Consultants are having a hand in pushing the conversation about the need for diversity forward.
Callan LLC has had its program to engage emerging managers and those firms owned by women, disabled, minority and other underrepresented individuals in place for 10 years, said Lauren Mathias, San Francisco-based senior vice president and non-U.S. equity investment consultant in Callan's global manager research group. Ms. Mathias runs the program called Callan Connects.
Callan has also an inclusion committee that includes senior members of the firm's consulting staff and human resources, which monitors the progress of its diversity and inclusion initiatives as well as in the money management industry, Ms. Mathias said.
"To show the industry that we are serious about diversity and inclusion we are continuing to upgrade our (due diligence) questionnaire for the investment management community," Ms. Mathias said.
"The reason we are doing that is our clients are interested in this. They want to know about their asset managers and they want to see the progress," she said.
Callan's team of private equity consultants are also encouraging managers to fill out the Institutional Limited Partners Association's diversity and inclusion template and to use ILPA's diversity and inclusion road map, Ms. Mathias said.

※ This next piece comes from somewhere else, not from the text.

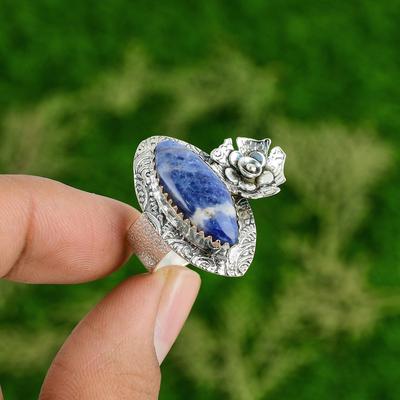 Natürlicher Sodalith Edelstein Mehrstein Blumenring Größe 6.75 925 Sterlingsilber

Among alternative investment managers, private equity managers have been more aggressive in promoting diversity than hedge funds where it is not as much of a focus, she said.
But the movement of general partners to diversify their teams is "really at the request of the asset owners," Ms. Mathias said.

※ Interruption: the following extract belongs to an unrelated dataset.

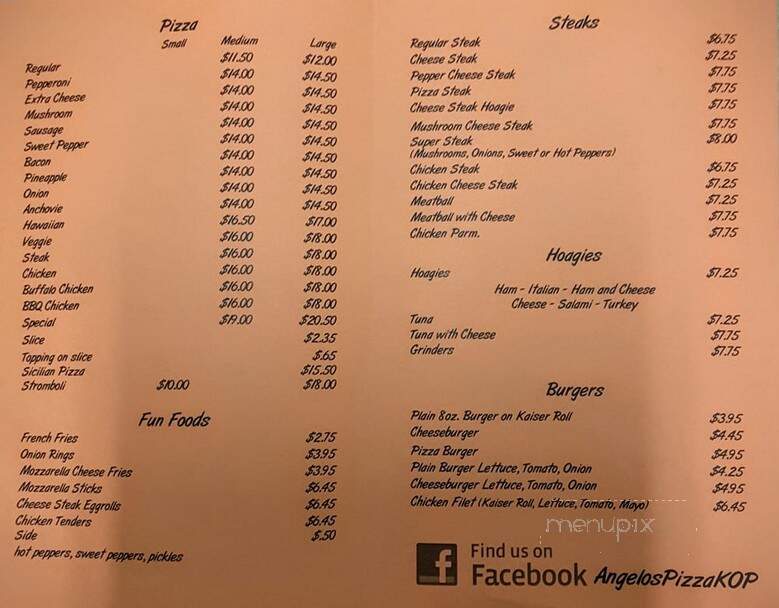 Angelo's Pizza Co - King Of Prussia, PA menu_pic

Change has been at a glacial pace, said Robert Raben, Washington-based executive director of the Diverse Asset Managers Initiative, an effort to increase allocations to firms owned by diverse individuals and women.

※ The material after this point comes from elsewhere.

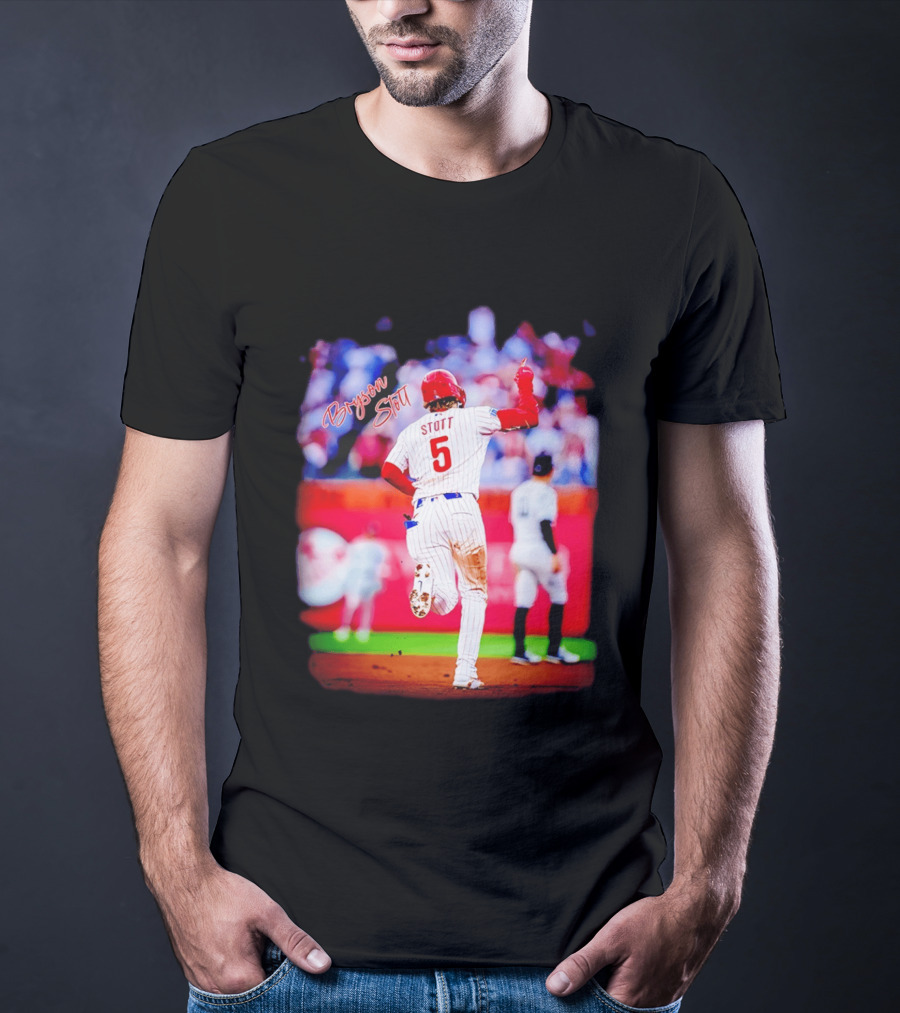 Philadelphia Phillies Bryson Stott 5 Baseball Game Action T-Shirt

"There has been movement and it is cognizable," Mr. Raben said. "It's good … and woefully insufficient compared to other industries."
Mr. Raben said much of the change has been among consulting firms as they are playing a crucial role.
"The change that I am seeing is some tactical efforts by critical mass of consulting firms," Mr. Raben said.
Consulting firms are hiring people of color and adopting the "Rooney Rule" — a National Football League policy requiring teams to interview minority candidates for top jobs. Consultants are also now separating emerging manager programs and programs to invest with minority- and women-owned management firms, he said.
"For years, the two had been conflated," Mr. Raben said.
Consulting firms are also working to increase the diversity of their staffs.
Nine consulting firms that responded to the Diverse Asset Managers Initiative's annual consultant survey offer a diverse manager program and all of them regularly recommend diverse managers even when there is not a diversity manadate, according to the 2019 survey of the Washington-based organization, which aims to increase the number and assets under management of diverse-owned firms.
At San Francisco-based Callan, 52% of its management committee is female and/or diverse and 58% of managers are female and/or diverse. Some 57% of all Callan employees are either female or otherwise diverse.